**Work required:** Below are some records. Print exactly the lines between the one holding "X0000063471212200602101732" and the one holding "749 Kanakanaia Road, Te Karaka", inclusive, and nothing else.

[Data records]
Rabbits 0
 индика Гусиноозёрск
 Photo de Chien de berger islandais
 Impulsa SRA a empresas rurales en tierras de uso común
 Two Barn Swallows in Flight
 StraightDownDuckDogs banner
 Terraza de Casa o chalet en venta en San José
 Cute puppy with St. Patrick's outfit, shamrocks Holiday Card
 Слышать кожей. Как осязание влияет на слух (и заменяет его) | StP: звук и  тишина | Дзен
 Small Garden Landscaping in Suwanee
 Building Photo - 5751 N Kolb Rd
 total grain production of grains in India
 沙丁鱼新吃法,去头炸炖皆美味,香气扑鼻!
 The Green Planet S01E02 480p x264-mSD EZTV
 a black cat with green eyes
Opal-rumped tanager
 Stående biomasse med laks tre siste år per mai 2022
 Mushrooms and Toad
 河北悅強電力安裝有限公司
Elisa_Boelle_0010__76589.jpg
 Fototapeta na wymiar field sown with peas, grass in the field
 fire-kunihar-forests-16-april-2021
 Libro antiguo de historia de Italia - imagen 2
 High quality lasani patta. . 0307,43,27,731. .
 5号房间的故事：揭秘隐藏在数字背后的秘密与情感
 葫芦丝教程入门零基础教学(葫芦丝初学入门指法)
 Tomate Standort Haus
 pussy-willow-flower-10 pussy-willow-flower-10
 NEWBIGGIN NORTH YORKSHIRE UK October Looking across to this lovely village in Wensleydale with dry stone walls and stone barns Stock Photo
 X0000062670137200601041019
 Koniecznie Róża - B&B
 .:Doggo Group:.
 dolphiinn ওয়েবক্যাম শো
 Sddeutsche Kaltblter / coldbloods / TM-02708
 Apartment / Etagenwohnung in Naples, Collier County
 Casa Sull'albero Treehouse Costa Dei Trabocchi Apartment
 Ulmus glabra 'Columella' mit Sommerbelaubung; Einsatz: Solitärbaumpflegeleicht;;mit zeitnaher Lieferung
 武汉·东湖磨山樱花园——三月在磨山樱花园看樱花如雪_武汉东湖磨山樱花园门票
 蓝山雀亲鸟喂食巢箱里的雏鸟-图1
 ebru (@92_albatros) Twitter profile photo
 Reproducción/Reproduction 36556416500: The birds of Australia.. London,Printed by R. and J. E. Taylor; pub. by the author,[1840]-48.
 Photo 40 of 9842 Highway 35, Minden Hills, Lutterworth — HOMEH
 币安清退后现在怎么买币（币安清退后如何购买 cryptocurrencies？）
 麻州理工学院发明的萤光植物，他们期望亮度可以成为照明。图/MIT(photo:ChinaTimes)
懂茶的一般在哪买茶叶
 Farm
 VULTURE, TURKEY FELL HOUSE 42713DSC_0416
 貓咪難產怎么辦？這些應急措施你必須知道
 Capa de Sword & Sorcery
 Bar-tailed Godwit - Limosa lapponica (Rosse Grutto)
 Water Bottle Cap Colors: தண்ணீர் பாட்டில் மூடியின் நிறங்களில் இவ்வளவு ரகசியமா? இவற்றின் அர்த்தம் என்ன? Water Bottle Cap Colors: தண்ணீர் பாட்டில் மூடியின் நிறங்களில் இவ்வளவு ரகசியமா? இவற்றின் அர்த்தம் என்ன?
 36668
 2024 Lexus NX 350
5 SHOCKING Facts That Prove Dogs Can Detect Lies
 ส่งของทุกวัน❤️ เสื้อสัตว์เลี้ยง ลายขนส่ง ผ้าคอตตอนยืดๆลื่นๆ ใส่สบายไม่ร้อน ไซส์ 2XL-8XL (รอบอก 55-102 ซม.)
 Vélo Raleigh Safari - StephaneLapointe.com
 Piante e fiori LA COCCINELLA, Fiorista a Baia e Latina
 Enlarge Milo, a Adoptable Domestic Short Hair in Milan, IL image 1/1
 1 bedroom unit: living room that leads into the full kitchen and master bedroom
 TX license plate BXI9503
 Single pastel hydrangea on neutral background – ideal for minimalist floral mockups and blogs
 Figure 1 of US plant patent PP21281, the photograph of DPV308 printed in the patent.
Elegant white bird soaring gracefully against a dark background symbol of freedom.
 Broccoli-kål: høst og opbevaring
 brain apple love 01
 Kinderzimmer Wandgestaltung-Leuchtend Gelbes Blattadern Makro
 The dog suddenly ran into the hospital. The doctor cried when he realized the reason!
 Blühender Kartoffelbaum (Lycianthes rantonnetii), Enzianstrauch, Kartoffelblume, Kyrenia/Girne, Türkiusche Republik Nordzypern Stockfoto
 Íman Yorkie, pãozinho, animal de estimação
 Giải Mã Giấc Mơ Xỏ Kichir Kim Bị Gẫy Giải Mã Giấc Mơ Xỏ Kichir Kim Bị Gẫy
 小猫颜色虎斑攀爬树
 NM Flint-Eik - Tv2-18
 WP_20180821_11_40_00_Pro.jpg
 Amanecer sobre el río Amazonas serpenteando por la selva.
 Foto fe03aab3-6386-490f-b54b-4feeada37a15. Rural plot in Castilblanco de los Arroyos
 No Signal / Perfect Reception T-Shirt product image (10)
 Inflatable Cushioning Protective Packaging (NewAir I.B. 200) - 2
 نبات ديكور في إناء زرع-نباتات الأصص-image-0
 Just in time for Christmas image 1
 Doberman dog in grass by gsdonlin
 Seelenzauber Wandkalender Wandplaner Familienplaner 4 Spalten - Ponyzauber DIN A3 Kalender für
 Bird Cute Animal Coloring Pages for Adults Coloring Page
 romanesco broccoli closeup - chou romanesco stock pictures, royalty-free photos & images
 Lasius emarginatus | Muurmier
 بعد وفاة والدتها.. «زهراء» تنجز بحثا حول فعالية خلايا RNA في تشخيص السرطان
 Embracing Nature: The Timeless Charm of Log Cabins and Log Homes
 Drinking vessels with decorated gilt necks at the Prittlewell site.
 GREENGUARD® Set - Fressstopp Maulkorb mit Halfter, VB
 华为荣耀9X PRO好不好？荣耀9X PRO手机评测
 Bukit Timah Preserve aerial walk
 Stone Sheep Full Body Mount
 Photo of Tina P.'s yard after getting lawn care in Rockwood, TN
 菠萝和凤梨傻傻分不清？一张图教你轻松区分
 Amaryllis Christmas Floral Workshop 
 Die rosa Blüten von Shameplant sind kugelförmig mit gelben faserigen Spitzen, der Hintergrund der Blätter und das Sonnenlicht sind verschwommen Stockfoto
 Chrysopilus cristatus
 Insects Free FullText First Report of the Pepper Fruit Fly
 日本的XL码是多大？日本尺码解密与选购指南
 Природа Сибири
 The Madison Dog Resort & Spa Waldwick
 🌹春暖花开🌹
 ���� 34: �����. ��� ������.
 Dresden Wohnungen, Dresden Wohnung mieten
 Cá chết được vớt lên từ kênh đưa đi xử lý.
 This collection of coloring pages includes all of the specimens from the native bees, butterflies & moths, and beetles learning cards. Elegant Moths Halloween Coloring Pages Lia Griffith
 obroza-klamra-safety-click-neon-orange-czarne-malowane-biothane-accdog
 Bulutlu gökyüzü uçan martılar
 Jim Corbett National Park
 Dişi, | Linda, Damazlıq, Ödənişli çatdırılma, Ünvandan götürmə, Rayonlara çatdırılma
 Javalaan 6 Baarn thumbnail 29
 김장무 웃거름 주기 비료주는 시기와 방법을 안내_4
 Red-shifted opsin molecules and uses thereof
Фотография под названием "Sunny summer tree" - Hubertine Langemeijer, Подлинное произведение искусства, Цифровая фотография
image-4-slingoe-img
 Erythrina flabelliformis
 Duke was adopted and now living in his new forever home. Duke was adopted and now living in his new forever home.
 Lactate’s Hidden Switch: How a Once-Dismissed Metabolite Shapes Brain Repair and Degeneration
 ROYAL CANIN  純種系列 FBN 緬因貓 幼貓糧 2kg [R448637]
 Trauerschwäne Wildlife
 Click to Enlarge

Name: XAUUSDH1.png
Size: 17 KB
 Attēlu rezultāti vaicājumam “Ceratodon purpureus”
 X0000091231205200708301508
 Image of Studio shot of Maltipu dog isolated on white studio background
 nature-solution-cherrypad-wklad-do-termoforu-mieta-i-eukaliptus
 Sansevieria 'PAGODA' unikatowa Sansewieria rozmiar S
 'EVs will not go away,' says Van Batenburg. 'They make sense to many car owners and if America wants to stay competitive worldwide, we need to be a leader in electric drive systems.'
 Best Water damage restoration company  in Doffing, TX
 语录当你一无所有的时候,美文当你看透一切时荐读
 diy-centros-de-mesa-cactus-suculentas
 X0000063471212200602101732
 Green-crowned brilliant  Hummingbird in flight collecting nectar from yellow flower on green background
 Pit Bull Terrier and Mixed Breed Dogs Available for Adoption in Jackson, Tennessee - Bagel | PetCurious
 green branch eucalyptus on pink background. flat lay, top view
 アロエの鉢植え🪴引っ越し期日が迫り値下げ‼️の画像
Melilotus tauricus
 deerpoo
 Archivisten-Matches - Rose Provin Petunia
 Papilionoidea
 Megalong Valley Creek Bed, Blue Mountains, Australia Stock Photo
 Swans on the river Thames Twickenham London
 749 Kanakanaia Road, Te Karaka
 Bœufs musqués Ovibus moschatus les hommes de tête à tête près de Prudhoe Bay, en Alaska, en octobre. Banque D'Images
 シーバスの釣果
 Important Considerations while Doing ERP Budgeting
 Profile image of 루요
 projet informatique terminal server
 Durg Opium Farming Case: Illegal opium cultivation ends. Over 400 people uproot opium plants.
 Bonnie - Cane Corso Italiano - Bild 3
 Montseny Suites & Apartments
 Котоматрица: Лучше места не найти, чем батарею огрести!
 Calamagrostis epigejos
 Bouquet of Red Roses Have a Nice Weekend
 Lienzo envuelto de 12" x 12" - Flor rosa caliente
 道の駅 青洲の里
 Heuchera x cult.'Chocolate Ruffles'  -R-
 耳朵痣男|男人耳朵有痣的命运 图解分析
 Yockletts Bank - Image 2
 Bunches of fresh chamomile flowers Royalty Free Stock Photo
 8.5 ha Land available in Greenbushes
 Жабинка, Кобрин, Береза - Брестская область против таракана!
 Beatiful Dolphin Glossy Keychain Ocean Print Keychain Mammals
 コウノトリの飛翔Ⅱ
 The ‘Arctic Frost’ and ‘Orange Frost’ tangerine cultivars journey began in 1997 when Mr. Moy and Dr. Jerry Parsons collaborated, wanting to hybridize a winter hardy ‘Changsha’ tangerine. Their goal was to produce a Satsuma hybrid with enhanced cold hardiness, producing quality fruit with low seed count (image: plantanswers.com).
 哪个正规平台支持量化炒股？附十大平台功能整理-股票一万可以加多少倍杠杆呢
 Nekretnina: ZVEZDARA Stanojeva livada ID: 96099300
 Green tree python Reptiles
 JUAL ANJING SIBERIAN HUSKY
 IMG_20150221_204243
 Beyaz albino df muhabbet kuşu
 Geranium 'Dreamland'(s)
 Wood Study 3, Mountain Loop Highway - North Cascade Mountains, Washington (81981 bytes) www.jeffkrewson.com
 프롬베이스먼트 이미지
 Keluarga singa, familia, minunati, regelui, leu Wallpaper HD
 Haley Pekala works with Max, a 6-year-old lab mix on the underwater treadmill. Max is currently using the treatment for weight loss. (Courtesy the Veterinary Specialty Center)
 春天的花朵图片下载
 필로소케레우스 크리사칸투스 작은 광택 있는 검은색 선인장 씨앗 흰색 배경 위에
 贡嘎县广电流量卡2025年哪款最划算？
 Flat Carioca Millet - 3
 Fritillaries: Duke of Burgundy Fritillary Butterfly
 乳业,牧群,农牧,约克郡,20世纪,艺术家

**Solution to the problem:**
 X0000063471212200602101732
 Green-crowned brilliant  Hummingbird in flight collecting nectar from yellow flower on green background
 Pit Bull Terrier and Mixed Breed Dogs Available for Adoption in Jackson, Tennessee - Bagel | PetCurious
 green branch eucalyptus on pink background. flat lay, top view
 アロエの鉢植え🪴引っ越し期日が迫り値下げ‼️の画像
Melilotus tauricus
 deerpoo
 Archivisten-Matches - Rose Provin Petunia
 Papilionoidea
 Megalong Valley Creek Bed, Blue Mountains, Australia Stock Photo
 Swans on the river Thames Twickenham London
 749 Kanakanaia Road, Te Karaka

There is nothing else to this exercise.